Problem details:
Once you reach the line holding "wine tasting liquor store", write out that line and every later one exactly, ending with the last line of the data; write nothing else.

Data in this exercise:
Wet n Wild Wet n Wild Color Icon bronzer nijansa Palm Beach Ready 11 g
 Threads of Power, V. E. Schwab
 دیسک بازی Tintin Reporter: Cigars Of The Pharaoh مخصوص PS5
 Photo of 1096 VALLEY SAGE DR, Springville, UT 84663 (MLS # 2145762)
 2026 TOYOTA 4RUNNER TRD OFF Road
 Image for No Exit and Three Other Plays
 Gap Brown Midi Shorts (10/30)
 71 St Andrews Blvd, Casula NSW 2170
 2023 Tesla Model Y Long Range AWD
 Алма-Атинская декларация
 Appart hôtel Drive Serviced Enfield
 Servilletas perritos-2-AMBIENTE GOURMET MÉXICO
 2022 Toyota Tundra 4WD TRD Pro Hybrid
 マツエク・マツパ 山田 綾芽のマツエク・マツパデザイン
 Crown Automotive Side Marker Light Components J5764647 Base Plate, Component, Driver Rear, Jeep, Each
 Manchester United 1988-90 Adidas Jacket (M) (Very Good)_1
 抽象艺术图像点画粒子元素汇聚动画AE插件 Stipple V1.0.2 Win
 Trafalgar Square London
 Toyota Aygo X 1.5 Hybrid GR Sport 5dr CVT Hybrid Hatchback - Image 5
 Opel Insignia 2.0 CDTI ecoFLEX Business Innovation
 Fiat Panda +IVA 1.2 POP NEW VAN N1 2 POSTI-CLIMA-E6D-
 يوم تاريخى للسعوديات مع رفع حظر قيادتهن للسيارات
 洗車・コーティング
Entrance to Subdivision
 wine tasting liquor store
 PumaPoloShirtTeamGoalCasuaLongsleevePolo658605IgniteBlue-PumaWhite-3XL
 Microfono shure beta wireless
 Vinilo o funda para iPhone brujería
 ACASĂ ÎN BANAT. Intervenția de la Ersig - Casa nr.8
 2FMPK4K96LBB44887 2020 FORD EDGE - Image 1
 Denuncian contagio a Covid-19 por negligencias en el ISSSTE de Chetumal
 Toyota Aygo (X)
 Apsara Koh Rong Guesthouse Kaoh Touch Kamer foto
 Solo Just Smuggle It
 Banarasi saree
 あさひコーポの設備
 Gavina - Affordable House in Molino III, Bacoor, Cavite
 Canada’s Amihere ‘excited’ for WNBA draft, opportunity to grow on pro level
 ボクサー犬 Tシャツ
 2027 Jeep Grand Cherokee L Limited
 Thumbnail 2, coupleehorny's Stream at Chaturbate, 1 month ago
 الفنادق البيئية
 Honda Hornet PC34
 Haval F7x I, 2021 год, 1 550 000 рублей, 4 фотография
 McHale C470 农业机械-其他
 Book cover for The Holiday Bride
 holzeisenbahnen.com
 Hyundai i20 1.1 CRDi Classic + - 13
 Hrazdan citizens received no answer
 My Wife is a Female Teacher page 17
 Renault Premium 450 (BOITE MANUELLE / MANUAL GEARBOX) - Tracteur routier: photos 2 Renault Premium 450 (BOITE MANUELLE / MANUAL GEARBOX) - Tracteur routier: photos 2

Exercise answer:
 wine tasting liquor store
 PumaPoloShirtTeamGoalCasuaLongsleevePolo658605IgniteBlue-PumaWhite-3XL
 Microfono shure beta wireless
 Vinilo o funda para iPhone brujería
 ACASĂ ÎN BANAT. Intervenția de la Ersig - Casa nr.8
 2FMPK4K96LBB44887 2020 FORD EDGE - Image 1
 Denuncian contagio a Covid-19 por negligencias en el ISSSTE de Chetumal
 Toyota Aygo (X)
 Apsara Koh Rong Guesthouse Kaoh Touch Kamer foto
 Solo Just Smuggle It
 Banarasi saree
 あさひコーポの設備
 Gavina - Affordable House in Molino III, Bacoor, Cavite
 Canada’s Amihere ‘excited’ for WNBA draft, opportunity to grow on pro level
 ボクサー犬 Tシャツ
 2027 Jeep Grand Cherokee L Limited
 Thumbnail 2, coupleehorny's Stream at Chaturbate, 1 month ago
 الفنادق البيئية
 Honda Hornet PC34
 Haval F7x I, 2021 год, 1 550 000 рублей, 4 фотография
 McHale C470 农业机械-其他
 Book cover for The Holiday Bride
 holzeisenbahnen.com
 Hyundai i20 1.1 CRDi Classic + - 13
 Hrazdan citizens received no answer
 My Wife is a Female Teacher page 17
 Renault Premium 450 (BOITE MANUELLE / MANUAL GEARBOX) - Tracteur routier: photos 2 Renault Premium 450 (BOITE MANUELLE / MANUAL GEARBOX) - Tracteur routier: photos 2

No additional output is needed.